Partial observability is central to embodied intelligence because the current observation rarely exposes the complete world state. Objects may be occluded, contact forces may be hidden, robot proprioception may be noisy, humans may act unpredictably, and visual appearance may not reveal material properties such as mass, friction, compliance, or containment. A belief state summarizes this hidden information as a distribution rather than a point estimate:

\[b_t(z_t) = p(z_t \mid o_{\leq t}, a_{<t})\]

A VLA usually handles this uncertainty implicitly. It maps the observation history and instruction to an action distribution:
\[p_\theta(a_t \mid o_{\leq t}, l)\]
- but it does not need to maintain an explicit posterior over hidden states. This means the model can express action uncertainty, for example by assigning probability mass to multiple possible actions, but it does not necessarily know whether uncertainty comes from visual ambiguity, missing state, stochastic dynamics, or policy indecision.
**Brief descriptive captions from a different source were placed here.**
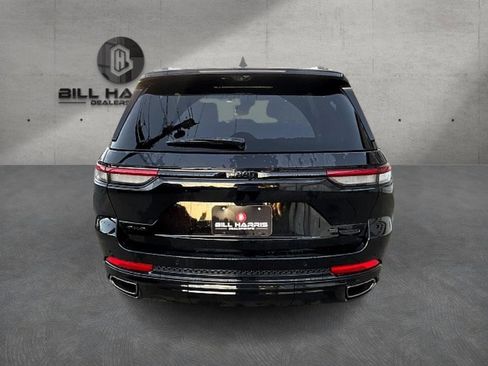 New 2025 Jeep Grand Cherokee Summit image 7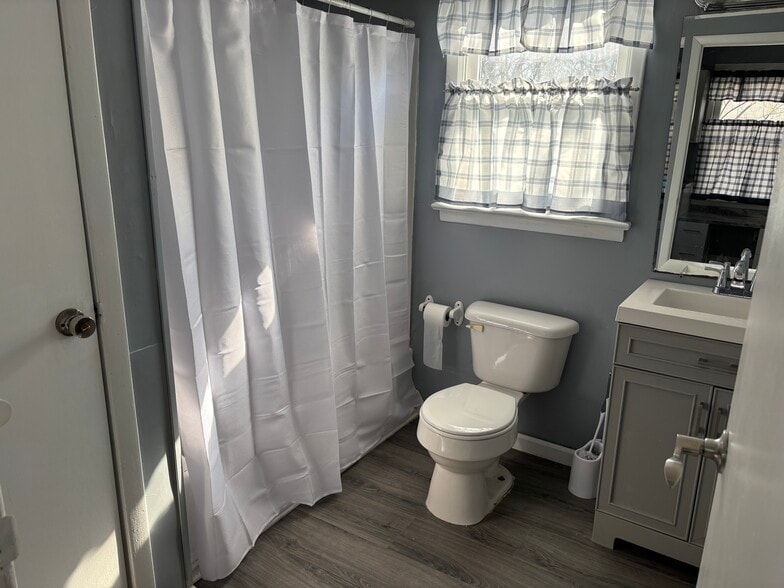 Building Photo - 1170 Gershal Ave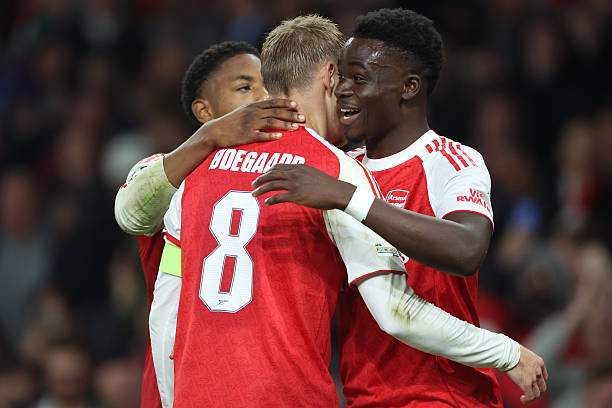 Arsenal đang vững chắc cả trong phòng ngự lẫn tấn công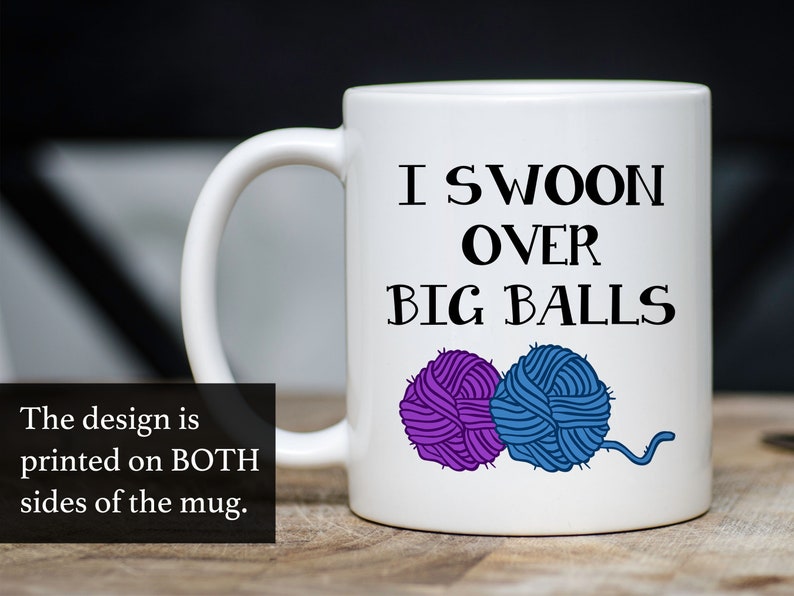 Pu&ograve; includere: Tazza da caff&egrave; in ceramica bianca con una grafica nera che dice "I SWOON OVER BIG BALLS" e un'illustrazione di un gomitolo di lana viola e blu.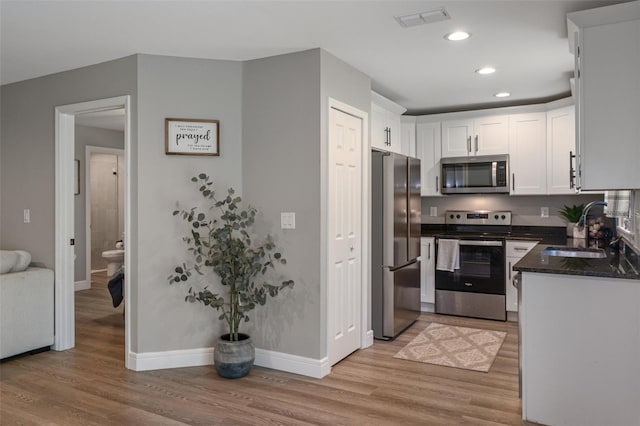 604 Kinnear Dr, Brooksville, FL 34601 - kitchen featuring stainless steel appliances, a sink, light wood-style flooring, baseboards, and recessed lighting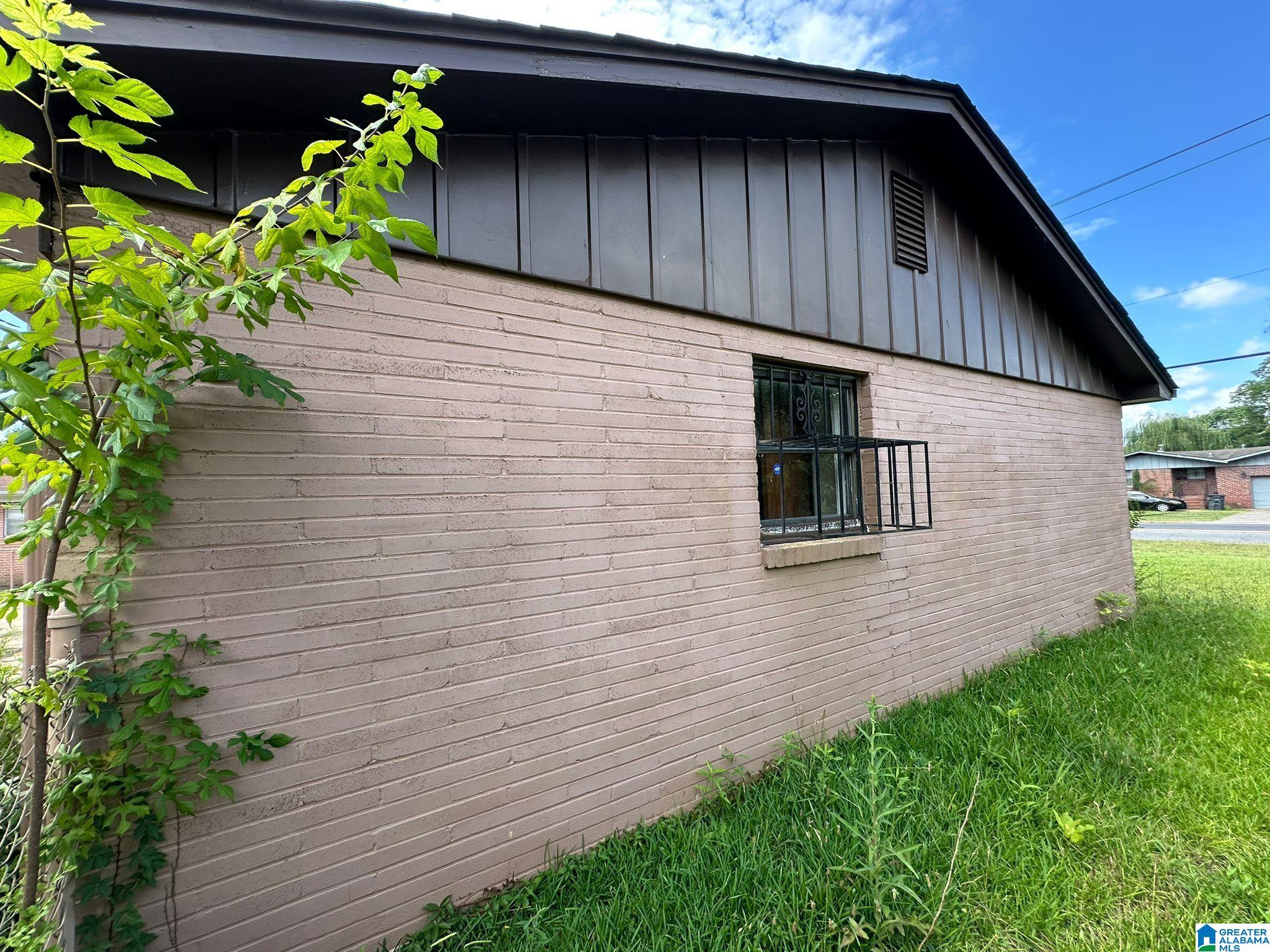 1205 31st Street Southwest Birmingham, AL 35211 - Photo 4 of 17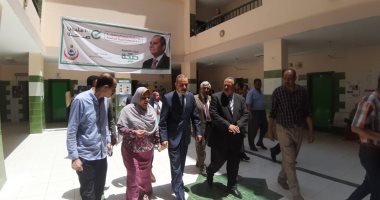 محافظ أسيوط يتفقد مبادرة الرئيس لدعم صحة المرأة والكشف عن الأمراض غير السارية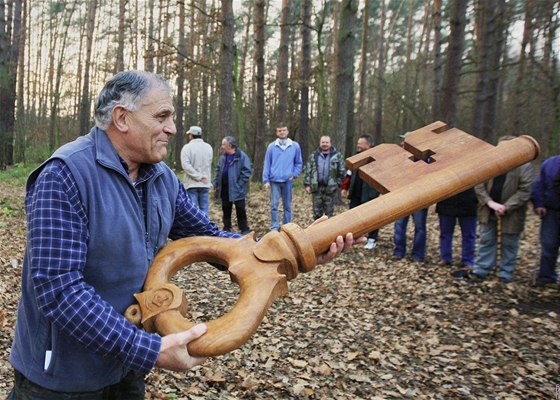 Mykolog Václav Koplík pi zamykání lesa v Ratíkovicích na Hodonínsku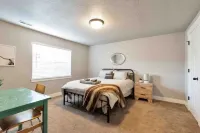 Sleepy Ridge Apt, Self Check-In, Parking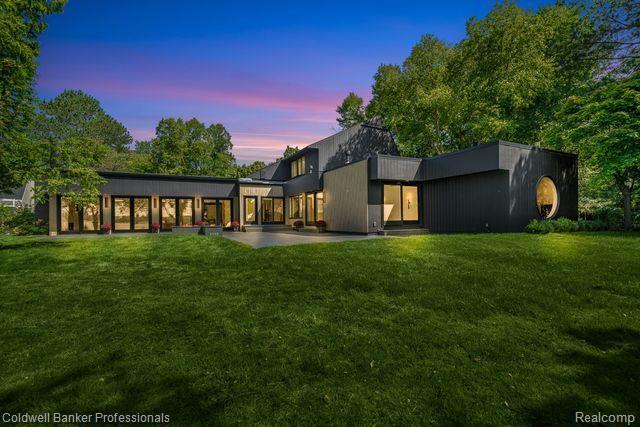 5280 Inkster Road Property Photo 1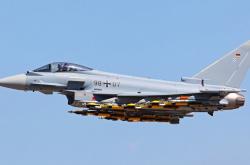 开云体育中国-速度与魔法，F1街道赛焦点战与魔术横扫猛龙的体育启示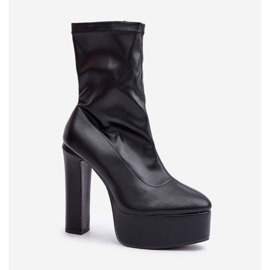 Stiefel mit hohem Absatz und Plateau, schwarz 4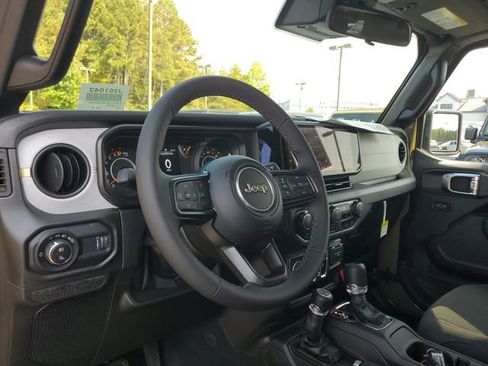 New 2025 Jeep Gladiator Sport image 19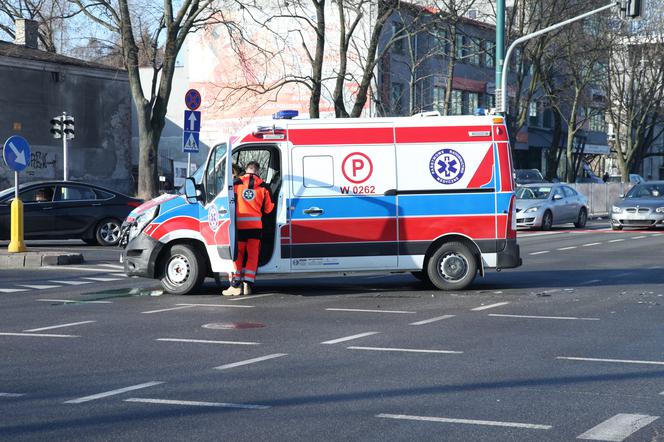 Zderzenie suzuki z karetką na sygnale na skrzyżowaniu Zamienieckiej z Ostrobramską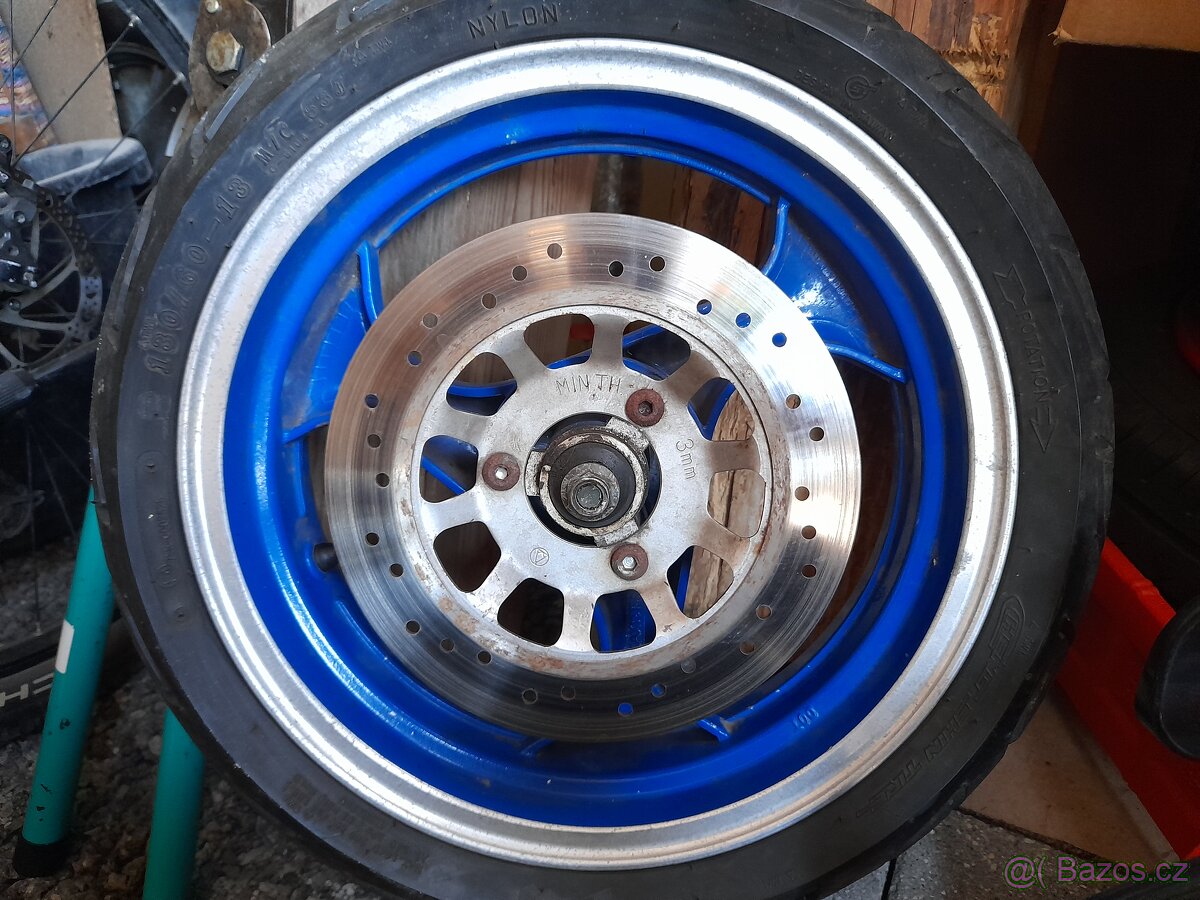 PŘEDNÍ KOLO ZE SKÚTRA 130/60 - 13" - 2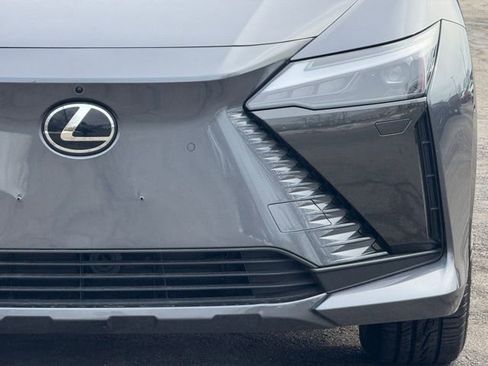 Used 2023 Lexus RZ 450e Premium w/ Technology Package image 10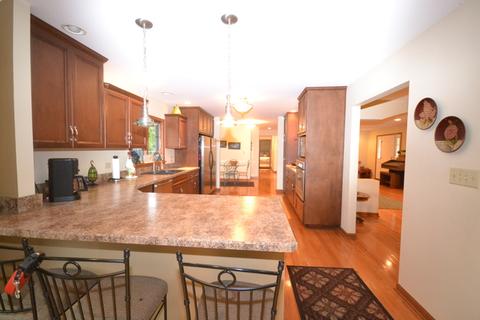 41 W527 Russell Rd, Elgin, IL 60124 photo 9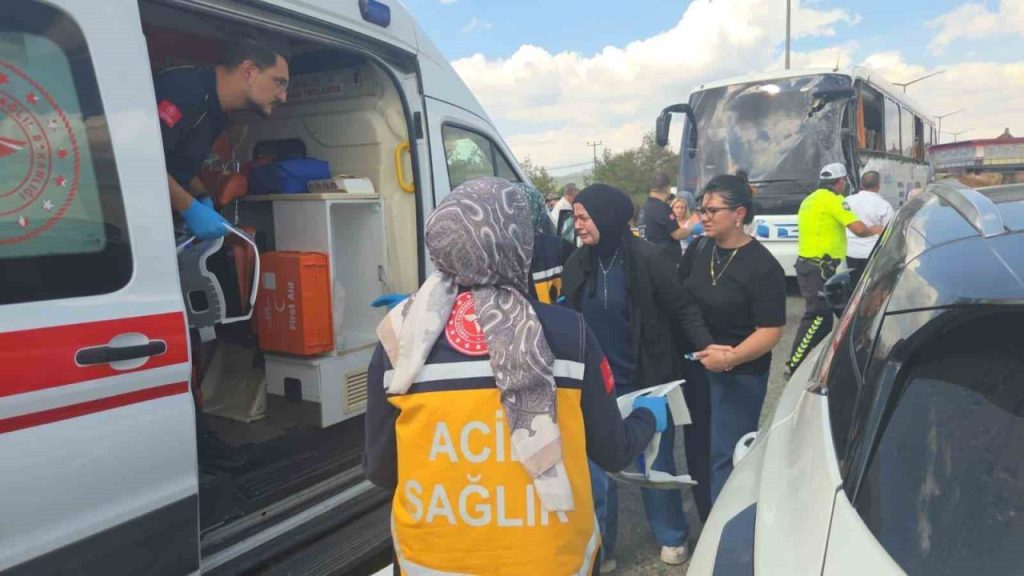 yolcu otobusu gemi capasi tasiyan tira carpti3 yarali e74fb3992387 |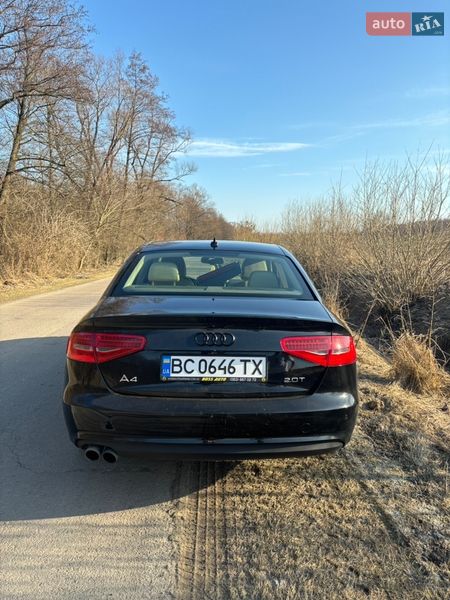 Седан Audi A4 2013 в Бобрке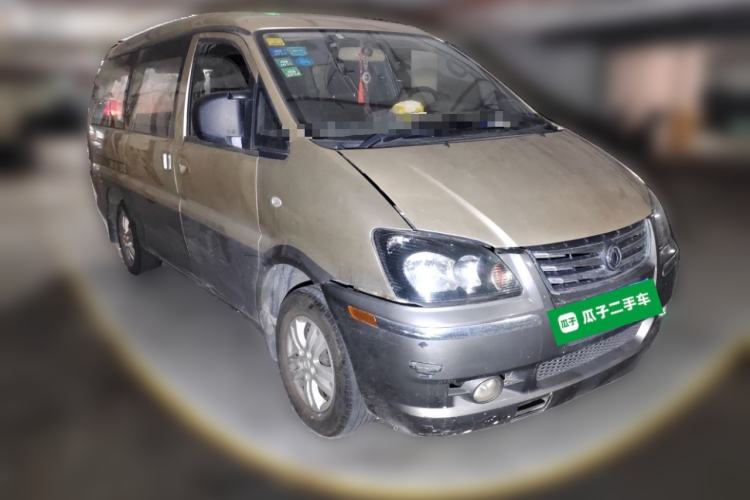 Used FORTHING Lingzhi 2013 M5 Q7 2.0L 7-Seater Long-Wheelbase Comfort Model Front Right 45 Deg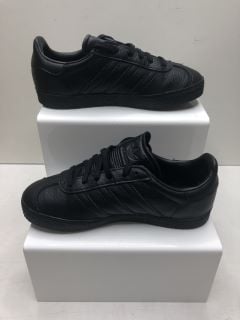 ADIDAS GAZELLE C UNISEX TRAINERS UK SIZE 2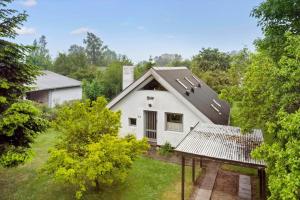 een luchtzicht op een wit huis met bomen bij 3034-Stege-Bundgarnet-34 in Stege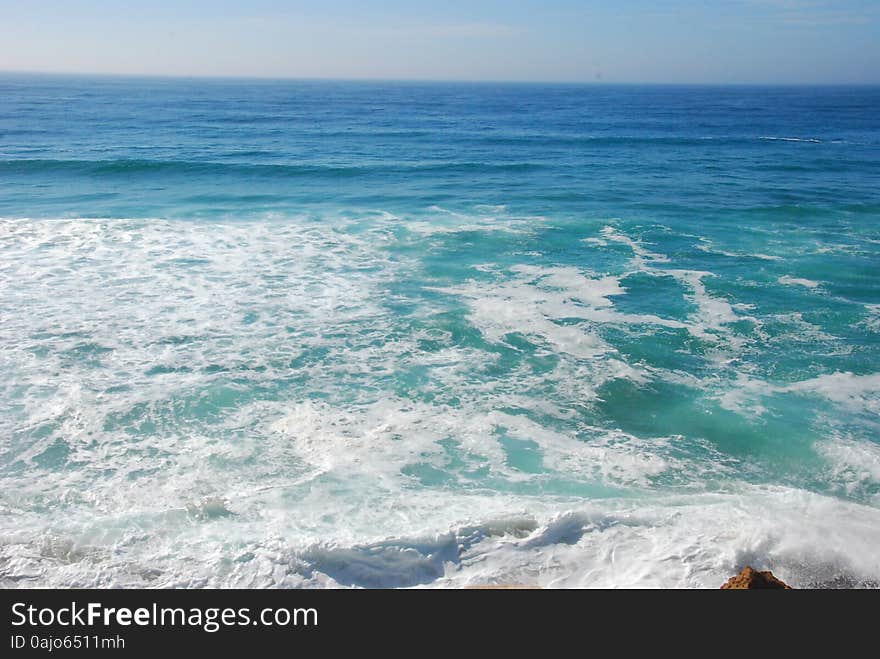 A Beautiful picture of an Ocean  in Portugal. A Beautiful picture of an Ocean  in Portugal.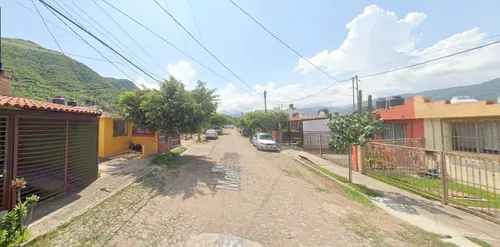 Casa En Venta, Frac. Los Naranjos, Autlan De Navarro, Jalisco. 2 Recamaras, 2 Baños, 1 Estacionamientos. ¡¡¡ Remate Bancario !!! -jmjc9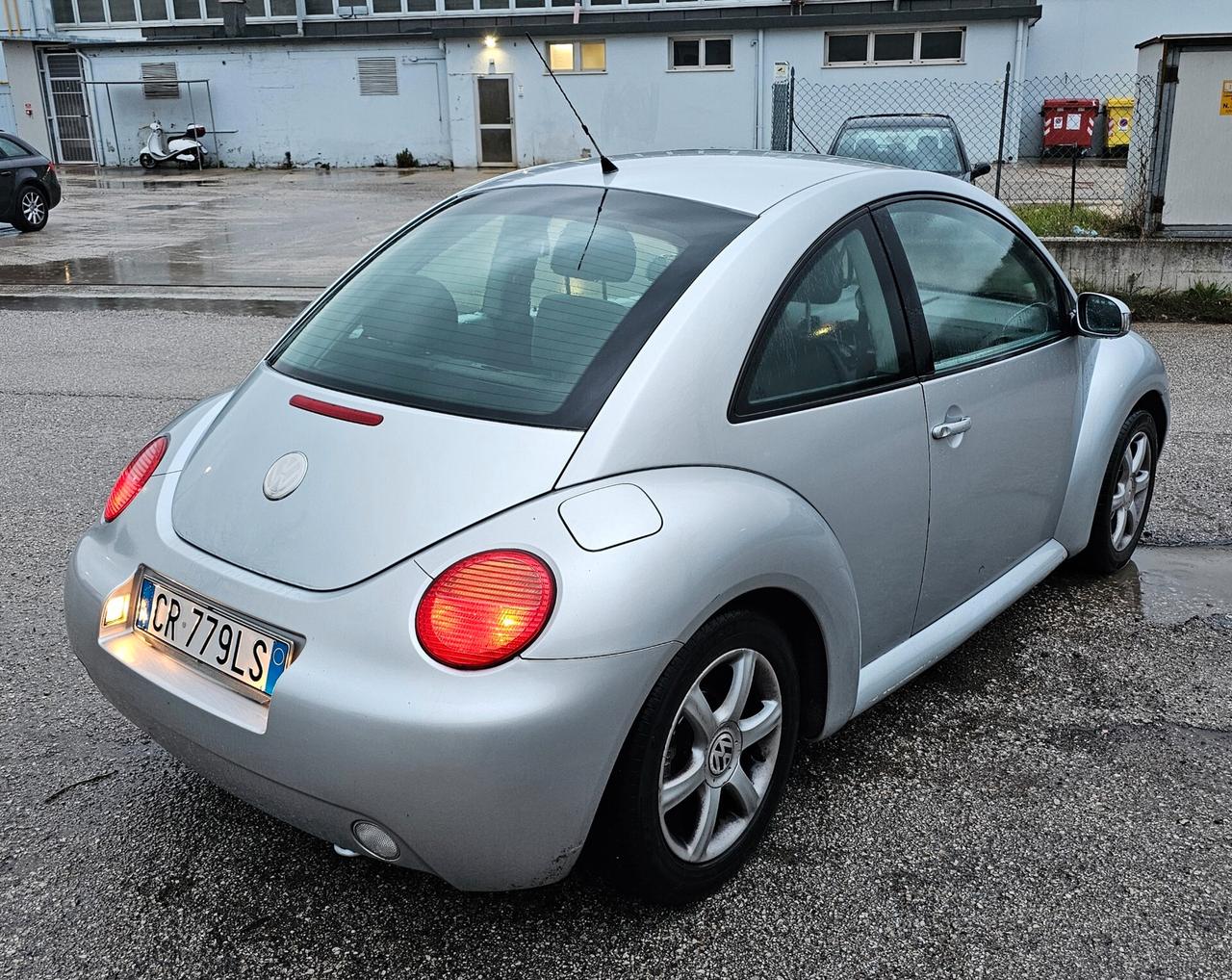 Volkswagen New Beetle 1.9 TDI 101CV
RT-2: Vision-Language-Action Models Transfer Web Knowledge to Robotic Control by Brohan et al. (2023) demonstrates the strength of VLA-style action prediction through tokenized robot actions, while OpenVLA: An Open-Source Vision-Language-Action Model by Kim et al. (2024) scales this formulation as an open generalist robot policy.
A WM treats uncertainty as part of the dynamics model. Instead of predicting a single future state, it models a conditional distribution \(p_\phi(z_{t+1} \mid z_t, a_t)\) or under partial observability \(p_\phi(z_{t+1} \mid b_t, a_t)\).
A Bayesian filtering update can be written as:
\[b_{t+1}(z_{t+1}) \propto p(o_{t+1}\mid z_{t+1}) \int p(z_{t+1}\mid z_t,a_t) b_t(z_t) \,dz_t\]
This is the classical world-model advantage: uncertainty is attached to the latent state and propagated forward under hypothetical actions. PETS: Deep Reinforcement Learning in a Handful of Trials using Probabilistic Dynamics Models by Chua et al. (2018) makes this operational through probabilistic ensembles with trajectory sampling, allowing model predictive control to reason over uncertainty-aware rollouts rather than a single deterministic trajectory.
A WAM must represent uncertainty over both futures and actions:

\[p_\psi(z_{t+1:t+H},a_{t:t+K}\mid b_t,l)\]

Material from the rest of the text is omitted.